##### Stored data

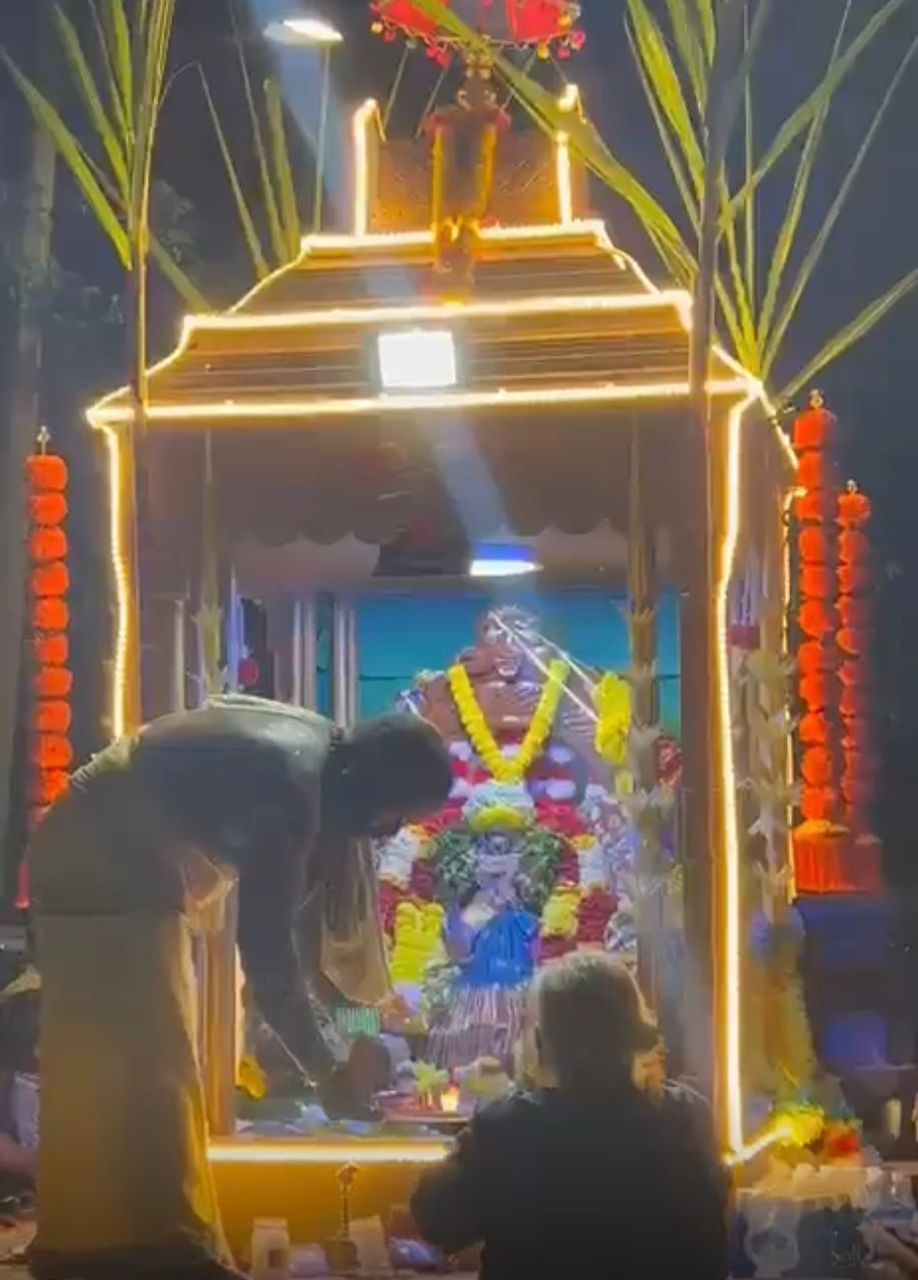 கமாசான் தோட்ட துர்கையம்மன் ஆலய மண்டலாபிஷேகம் நிறைவு விழா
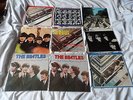 COLLECTION OF BEATLES VINYL ALBUMS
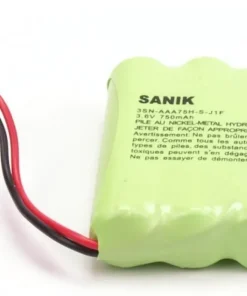NAVICOM Batterie de rechange pour combiné sans fil RY650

##########

- _Problem to solve_
Your answer must be an exact copy of the listing, minus its pictures.

- _Solution_
 கமாசான் தோட்ட துர்கையம்மன் ஆலய மண்டலாபிஷேகம் நிறைவு விழா
 COLLECTION OF BEATLES VINYL ALBUMS
NAVICOM Batterie de rechange pour combiné sans fil RY650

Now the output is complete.